*** Dataset entries

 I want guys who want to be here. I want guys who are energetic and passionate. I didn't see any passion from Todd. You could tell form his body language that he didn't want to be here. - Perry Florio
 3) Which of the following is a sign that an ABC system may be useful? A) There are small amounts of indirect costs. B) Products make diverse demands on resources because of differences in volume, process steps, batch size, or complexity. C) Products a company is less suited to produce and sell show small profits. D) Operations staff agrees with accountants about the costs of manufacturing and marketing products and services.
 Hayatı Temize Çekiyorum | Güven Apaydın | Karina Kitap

******
*** Dataset entries

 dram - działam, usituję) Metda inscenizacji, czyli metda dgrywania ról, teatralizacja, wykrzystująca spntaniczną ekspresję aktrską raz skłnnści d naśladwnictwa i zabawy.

******

** Task requirements **
From the data above, output only the lines between the line containing "3) Which of" and the line containing "Hayatı Temize Çekiyorum", inclusive, exactly as written.

** Answer for the task **
 3) Which of the following is a sign that an ABC system may be useful? A) There are small amounts of indirect costs. B) Products make diverse demands on resources because of differences in volume, process steps, batch size, or complexity. C) Products a company is less suited to produce and sell show small profits. D) Operations staff agrees with accountants about the costs of manufacturing and marketing products and services.
 Hayatı Temize Çekiyorum | Güven Apaydın | Karina Kitap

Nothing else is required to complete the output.